100-year-old bed frame specialist evolves to meet changing industry needs
With 100 years of success under its belt, it would be tempting for Knickerbocker Bed Frame Co. to kick back and relax. After all, the company enjoys a leading position in its core niche of quality steel bed frames, with a who’s who of manufacturers and retailers among its loyal customer base — and the demand for its products continues to grow steadily.
But as Knickerbocker celebrates a centennial in business, the company is not resting. At the Winter Las Vegas Market Jan. 27-31 at the World Market Center, as has been true in most recent years, Knickerbocker plans to launch a number of bed support systems designed to meet customer needs and strengthen its market position. Introductions will include a series of innovative products designed for the fast-growing e-commerce segment, as well as new models created for adjustable bed use. Other products are on the drawing board for unveiling later in 2019.
“In Vegas, we’ll feature some unique new products that respond to key changes we see reshaping the mattress industry,” says Richard Polevoy, president, chief executive officer and the third-generation family member to lead the Carlstadt, New Jersey-based company. “We see a tremendous opportunity in brand extensions for the boxed-bed segment, since many of these new beds are being sold without the proper level of support, and adjustables are another area with big potential. We never want to just sit back — our goal is always to keep our line fresh and relevant.”
Founded in 1919, Knickerbocker began with Richard Polevoy’s grandparents, Sophie and Louis Polevoy, selling bed springs in a horse-drawn carriage in the New York metro area. In the 1950s, the couple’s children expanded the line to include folding beds, headboards and metal bed frames. During that period, the company also helped pioneer a new category — bed frames and bed support systems.
In the 1960s, Knickerbocker expanded its distribution up and down the East Coast, then into the Midwest and West as it opened additional warehouses.
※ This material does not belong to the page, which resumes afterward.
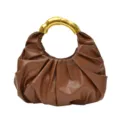 Braune plissierte Handtasche goldener Griff schickes Nischendesign elegante Abendtasche - Kaffee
As the bed frame and support category took off and then matured in the 1970s, a number of smaller producers fell by the wayside and Knickerbocker emerged as one of the top remaining producers. The company eventually narrowed its line to focus on bed frames. And, in the 1990s, recognizing the changes that a growing tide of imports were bringing to the marketplace, Knickerbocker established a robust internal research-and-development program to identify ways to make its bed frames an attractive profit center for retailers rather than a commodity.
“In the late 1990s, people were either giving bed frames away as part of the sale or selling them at low retail price points,” Polevoy says. “With our research, we were looking for ways to expand the category by creating a more stylish and functional product that retailers could sell at higher price points.”
The result was Eventide, a support system that brought a higher level of fashion to the category. Designed to retail for $199, Eventide featured a steel core made from recycled railroad steel combined with composite resin materials, creating a durable bed frame with an upscale appearance that integrated into a variety of bedroom décors. Other features included a patented caster design, which allowed beds to roll easily in any direction over a range of floor types. In addition, the frames could be assembled in minutes without tools, making the setup process easier for consumers.
“Eventide was developed to improve the support, assembly and mobility of the traditional steel bed frame, while providing more visual appeal and protection for people and linens from sharp edges,” Polevoy says. The price point was a big step up for retailers, he adds, so it took a while for the market to develop, “but Eventide had a very successful run.”
Raising the bar on fashion
In 2011, Knickerbocker advanced the category once again with the introduction of emBrace. A designer bed frame with contoured side rails and stylish tapered legs, emBrace features a proprietary heavy-duty rail steel construction encased in an advanced polymer resin. The frame is capable of supporting as much as 5,000 pounds.
“During this period, much of the industry was moving to one-sided mattresses,” Polevoy recalls. “We could see a need for a frame that provided more support, since mattresses were getting heavier and plusher while foundations and box springs needed added structural support.”
To create emBrace, Knickerbocker started from scratch to determine the best way to support the new generation of one-sided mattresses, as well as the fast-growing memory foam and latex segments of the industry. The company tapped the talents of its in-house R&D department, as well as the expertise of Brownlie Design, a product development and engineering firm based in Skaneateles, New York.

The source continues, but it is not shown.